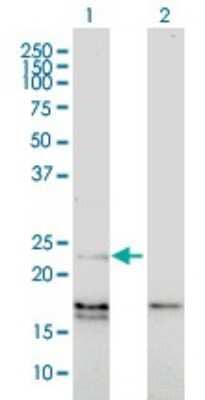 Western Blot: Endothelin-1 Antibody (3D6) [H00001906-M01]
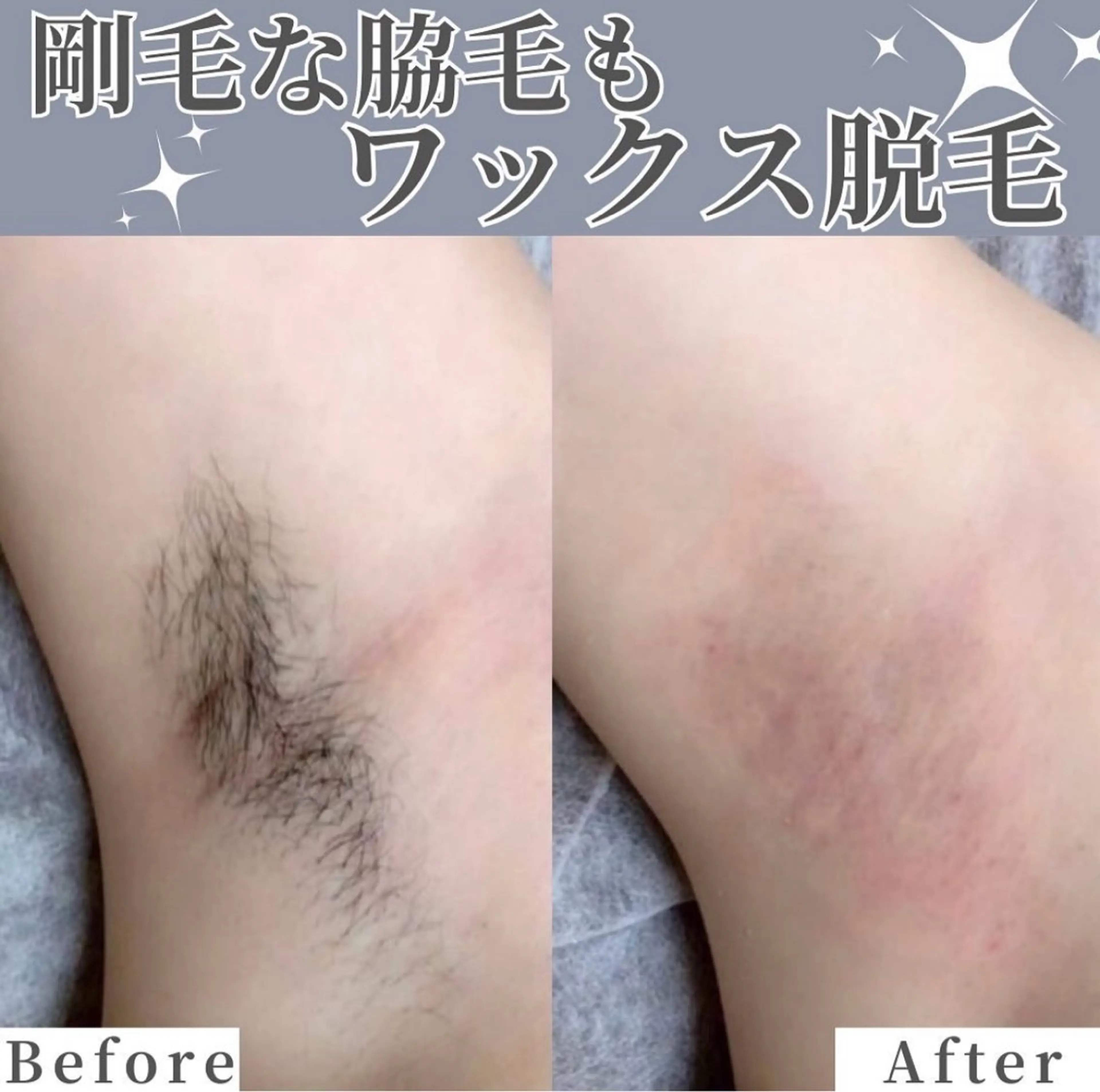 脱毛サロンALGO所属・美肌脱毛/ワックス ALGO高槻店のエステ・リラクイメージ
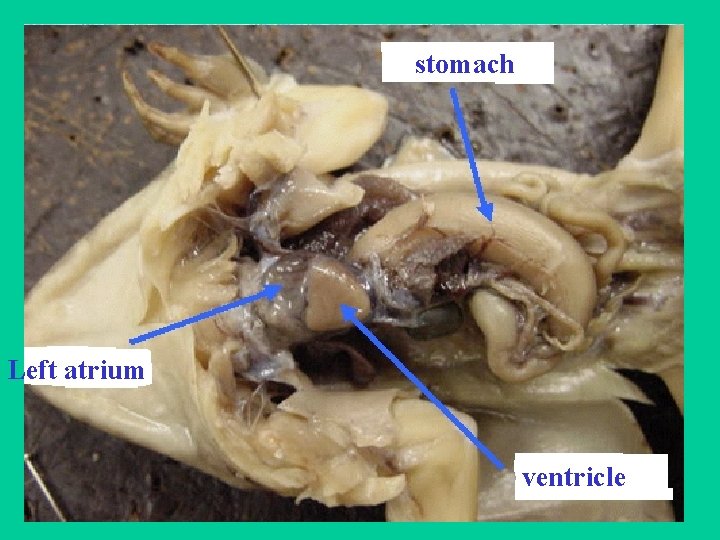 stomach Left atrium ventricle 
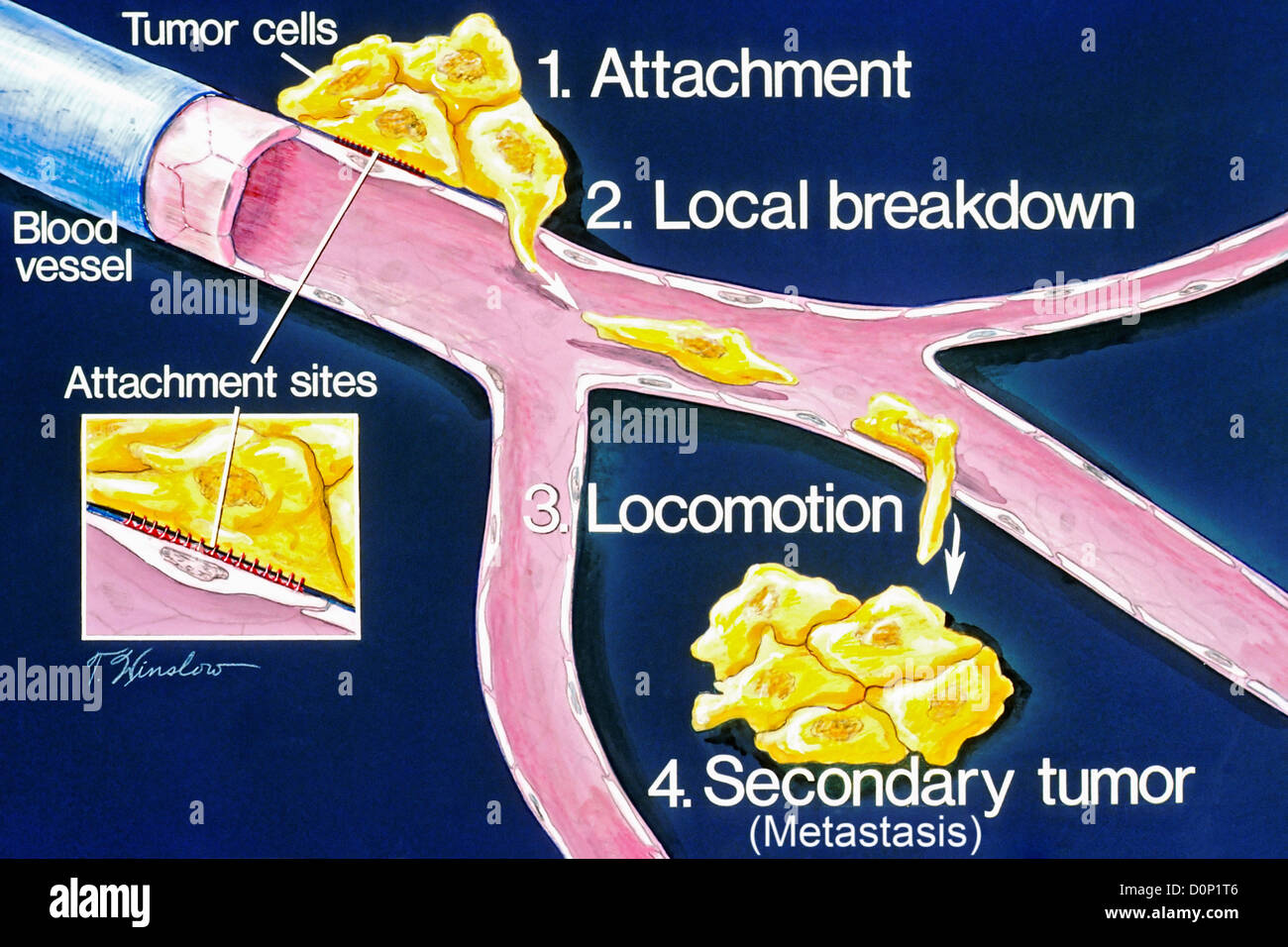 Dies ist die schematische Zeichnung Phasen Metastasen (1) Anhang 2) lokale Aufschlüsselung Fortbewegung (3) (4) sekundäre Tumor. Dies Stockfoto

* * *

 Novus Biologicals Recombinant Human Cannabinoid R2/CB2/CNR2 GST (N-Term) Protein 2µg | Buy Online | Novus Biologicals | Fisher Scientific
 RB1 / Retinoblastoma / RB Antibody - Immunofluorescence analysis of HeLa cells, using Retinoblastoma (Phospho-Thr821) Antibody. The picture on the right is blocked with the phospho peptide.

* Problem statement: Start at the line above containing "脱毛サロンALGO所属・美肌" and stop at the line containing "Dies ist die": print those lines and everything between them exactly, but not the pictures.

* Written response:
 脱毛サロンALGO所属・美肌脱毛/ワックス ALGO高槻店のエステ・リラクイメージ
 stomach Left atrium ventricle 
 Dies ist die schematische Zeichnung Phasen Metastasen (1) Anhang 2) lokale Aufschlüsselung Fortbewegung (3) (4) sekundäre Tumor. Dies Stockfoto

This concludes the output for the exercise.